====== GIVEN DATA

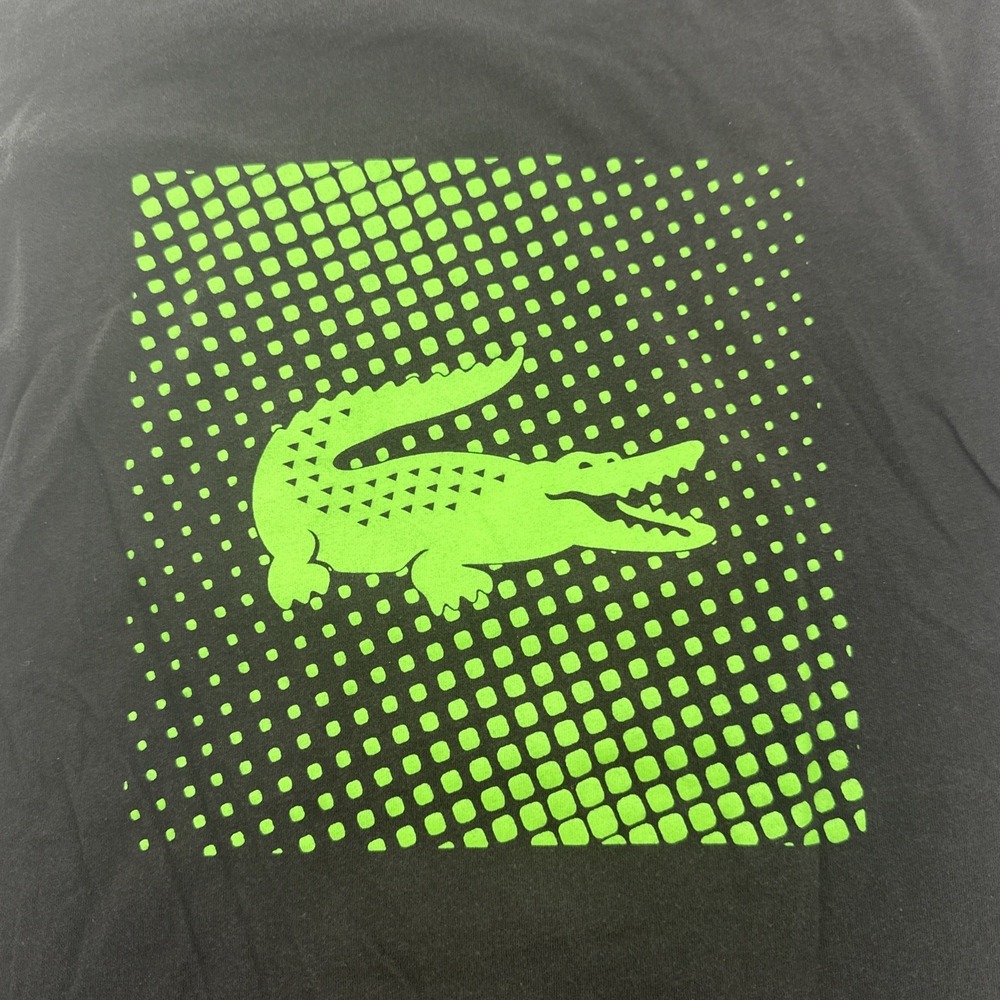 Lacoste Andy Roddick Black Crew Neck Limited Run Graphic T Shirt Size 4 VTG - Picture 3 of 6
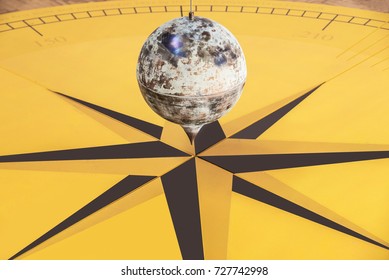 Foucault's pendulum close-up. The pendulum used to experimentally demonstrate the diurnal rotation of the Earth.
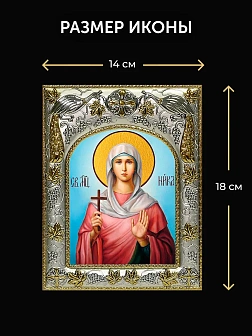 Икона Виктория Коринфская в ризе и деревянном киоте, 26х22 см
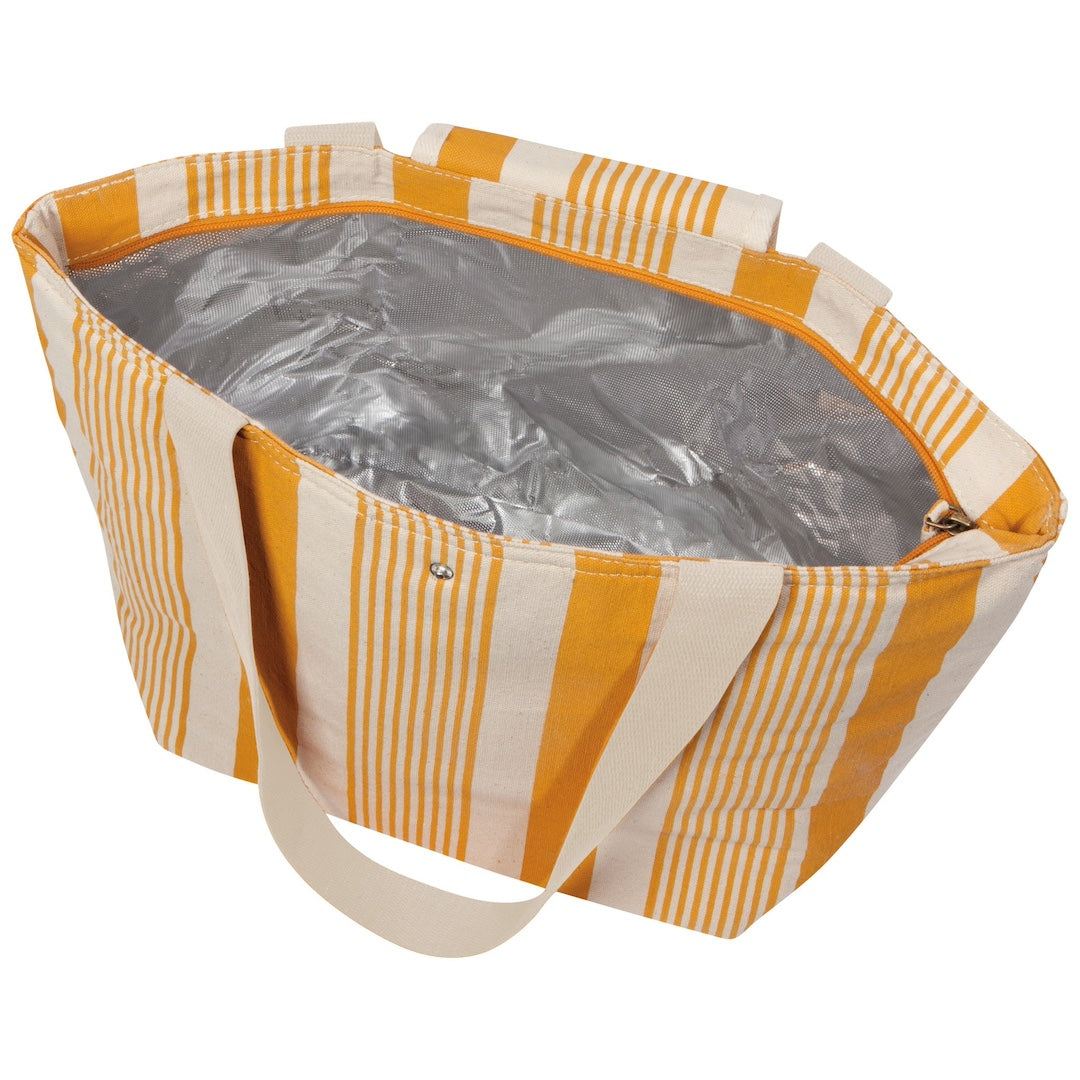 Yellow and white striped cooler bag with a clear compartment on a white background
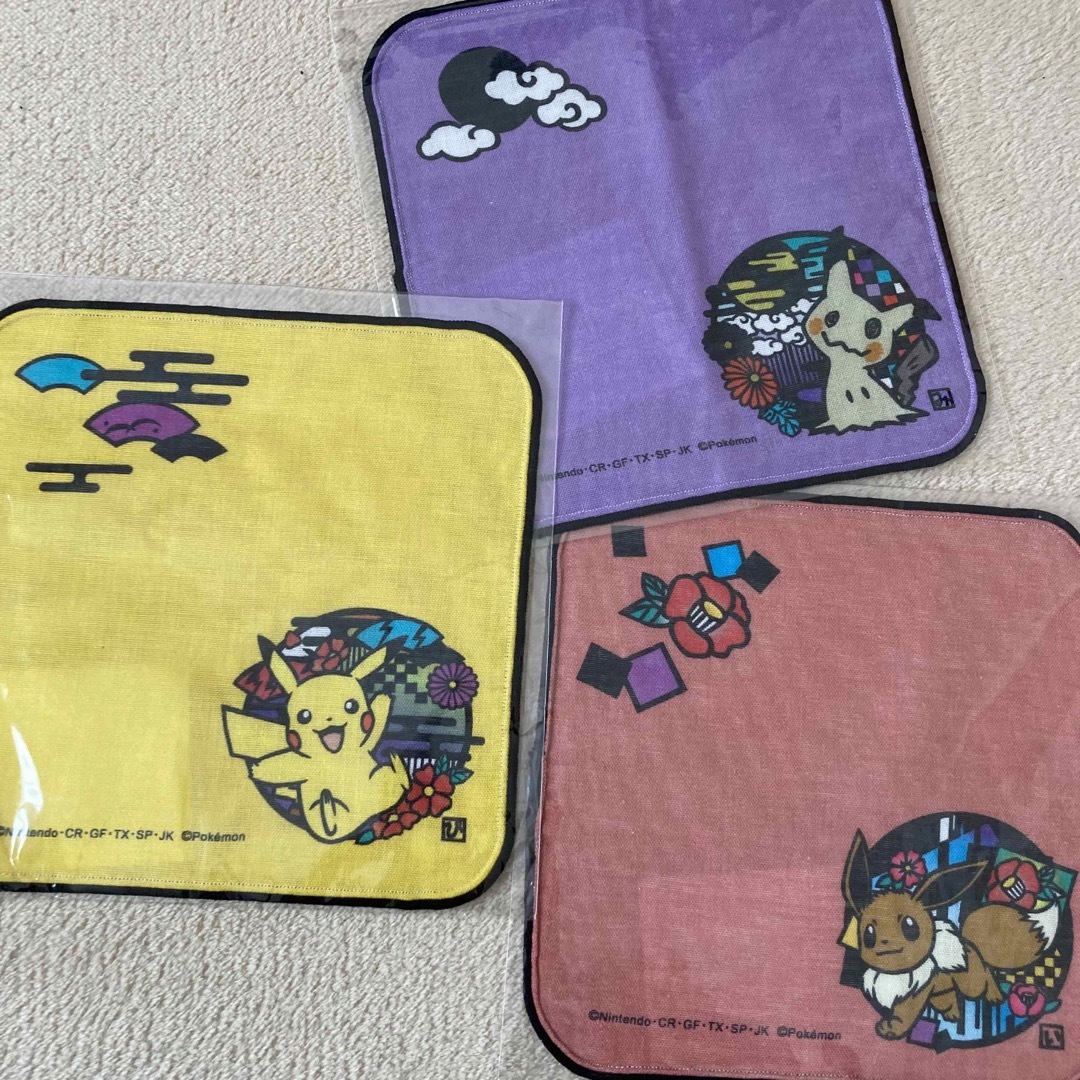 即日発送 ポケモン ガーゼミニタオル / ハンカチ 3枚セット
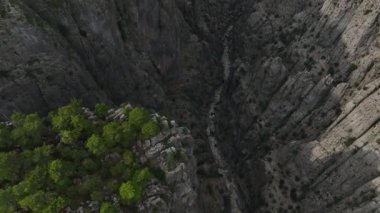 Tourist woman hiker on cliff against backdrop of gorge. Amazing Tazi Canyon, Turkey. Greyhound Canyon aerial view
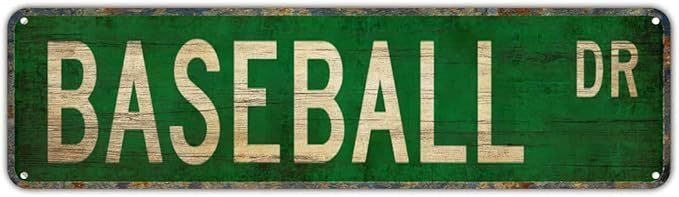Metal Tin Signs BASEBALL Funny metal Signs Vintage Sign Retro Tin Signs Aluminum Metal Sign for B... | Amazon (US)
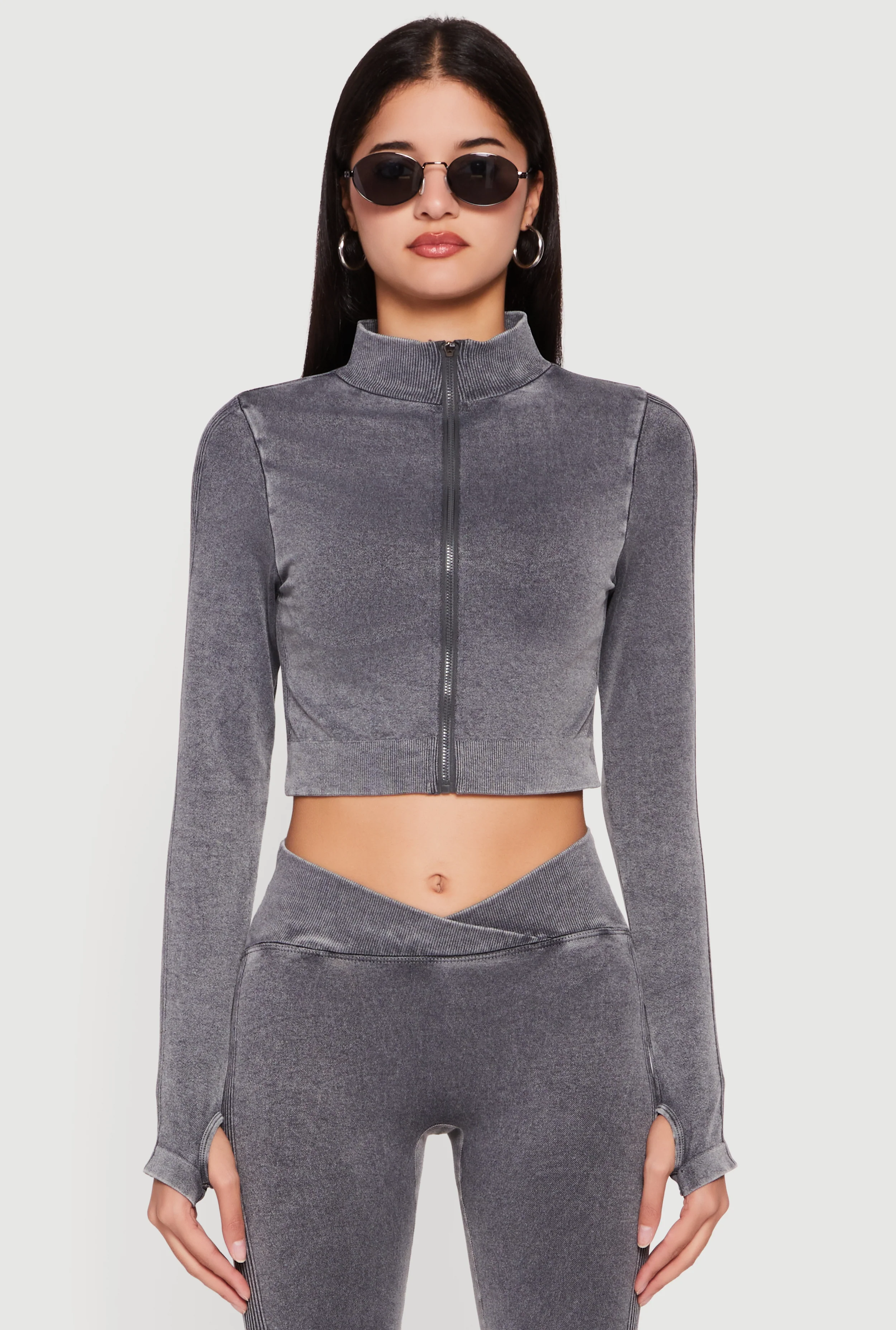 Seamless Acid Wash Cropped Track Jacket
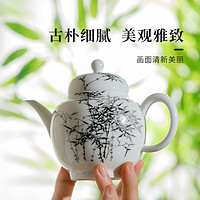 88VIP：景德镇 官方陶瓷墨彩檀竹盖碗茶具套组单杯品茗专用茶壶组合送礼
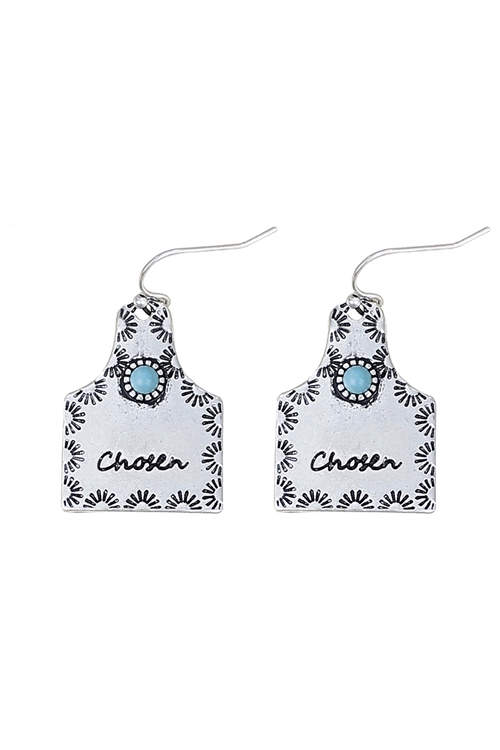 S1-7-2-27655TQ-BS -  CHOSEN COW TAG INSPIRATIONAL FISH HOOK EARRINGS-TURQUOISE BURNISH SILVER/6PCS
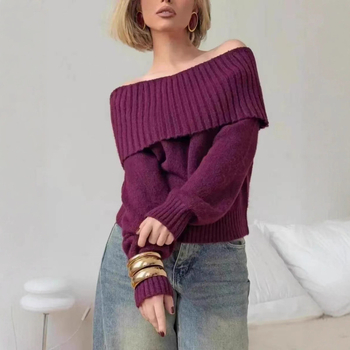 Γυναικεία πλεκτή μπλούζα με λαιμό-σκάφος, κομψό επαγγελματικό στυλ, ακρυλικές ίνες >95% και πολυεστέρας <30%, πάνελ πλέξη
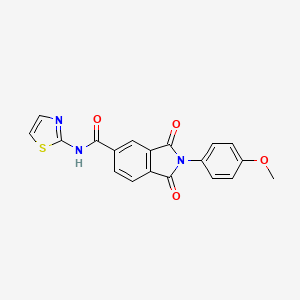 molecular formula C19H13N3O4S B3831305 2-(4-methoxyphenyl)-1,3-dioxo-N-1,3-thiazol-2-yl-5-isoindolinecarboxamide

============

§ **EXERCISE PROMPT**
Pictures stay out. Repeat only the lines from the beginning of the data through the line that has "88VIP：景德镇 官方陶瓷墨彩檀竹盖碗茶具套组单杯品茗专用茶壶组合送礼".

§ **RESULT**
 Lacoste Andy Roddick Black Crew Neck Limited Run Graphic T Shirt Size 4 VTG - Picture 3 of 6
 Foucault's pendulum close-up. The pendulum used to experimentally demonstrate the diurnal rotation of the Earth.
 Икона Виктория Коринфская в ризе и деревянном киоте, 26х22 см
 Yellow and white striped cooler bag with a clear compartment on a white background
 即日発送 ポケモン ガーゼミニタオル / ハンカチ 3枚セット
 Tourist woman hiker on cliff against backdrop of gorge. Amazing Tazi Canyon, Turkey. Greyhound Canyon aerial view
Metal Tin Signs BASEBALL Funny metal Signs Vintage Sign Retro Tin Signs Aluminum Metal Sign for B... | Amazon (US)
 Seamless Acid Wash Cropped Track Jacket
 88VIP：景德镇 官方陶瓷墨彩檀竹盖碗茶具套组单杯品茗专用茶壶组合送礼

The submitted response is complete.